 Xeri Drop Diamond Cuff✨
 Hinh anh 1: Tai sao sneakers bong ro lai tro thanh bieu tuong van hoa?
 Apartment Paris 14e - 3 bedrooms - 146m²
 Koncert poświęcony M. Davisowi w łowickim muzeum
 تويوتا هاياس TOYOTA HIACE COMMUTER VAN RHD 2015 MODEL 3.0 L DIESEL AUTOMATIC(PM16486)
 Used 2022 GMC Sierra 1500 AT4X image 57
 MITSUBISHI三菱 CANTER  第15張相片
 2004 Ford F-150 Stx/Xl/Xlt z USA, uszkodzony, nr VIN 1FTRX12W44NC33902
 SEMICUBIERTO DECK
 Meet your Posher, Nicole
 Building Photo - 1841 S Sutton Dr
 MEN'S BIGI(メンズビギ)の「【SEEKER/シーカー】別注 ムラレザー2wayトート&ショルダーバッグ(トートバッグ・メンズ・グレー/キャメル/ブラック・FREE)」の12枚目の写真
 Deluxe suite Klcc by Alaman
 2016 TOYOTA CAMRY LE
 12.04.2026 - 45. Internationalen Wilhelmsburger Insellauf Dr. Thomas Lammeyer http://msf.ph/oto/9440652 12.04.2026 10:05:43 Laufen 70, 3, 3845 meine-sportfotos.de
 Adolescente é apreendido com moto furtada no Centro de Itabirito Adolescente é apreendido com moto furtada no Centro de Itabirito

### WHAT NEEDS TO BE DONE
Print exactly the lines from the one with "Apartment Paris 14e - 3 bedrooms - 146m²" through the end of the data, inclusive.

### PROBLEM SOLUTION
 Apartment Paris 14e - 3 bedrooms - 146m²
 Koncert poświęcony M. Davisowi w łowickim muzeum
 تويوتا هاياس TOYOTA HIACE COMMUTER VAN RHD 2015 MODEL 3.0 L DIESEL AUTOMATIC(PM16486)
 Used 2022 GMC Sierra 1500 AT4X image 57
 MITSUBISHI三菱 CANTER  第15張相片
 2004 Ford F-150 Stx/Xl/Xlt z USA, uszkodzony, nr VIN 1FTRX12W44NC33902
 SEMICUBIERTO DECK
 Meet your Posher, Nicole
 Building Photo - 1841 S Sutton Dr
 MEN'S BIGI(メンズビギ)の「【SEEKER/シーカー】別注 ムラレザー2wayトート&ショルダーバッグ(トートバッグ・メンズ・グレー/キャメル/ブラック・FREE)」の12枚目の写真
 Deluxe suite Klcc by Alaman
 2016 TOYOTA CAMRY LE
 12.04.2026 - 45. Internationalen Wilhelmsburger Insellauf Dr. Thomas Lammeyer http://msf.ph/oto/9440652 12.04.2026 10:05:43 Laufen 70, 3, 3845 meine-sportfotos.de
 Adolescente é apreendido com moto furtada no Centro de Itabirito Adolescente é apreendido com moto furtada no Centro de Itabirito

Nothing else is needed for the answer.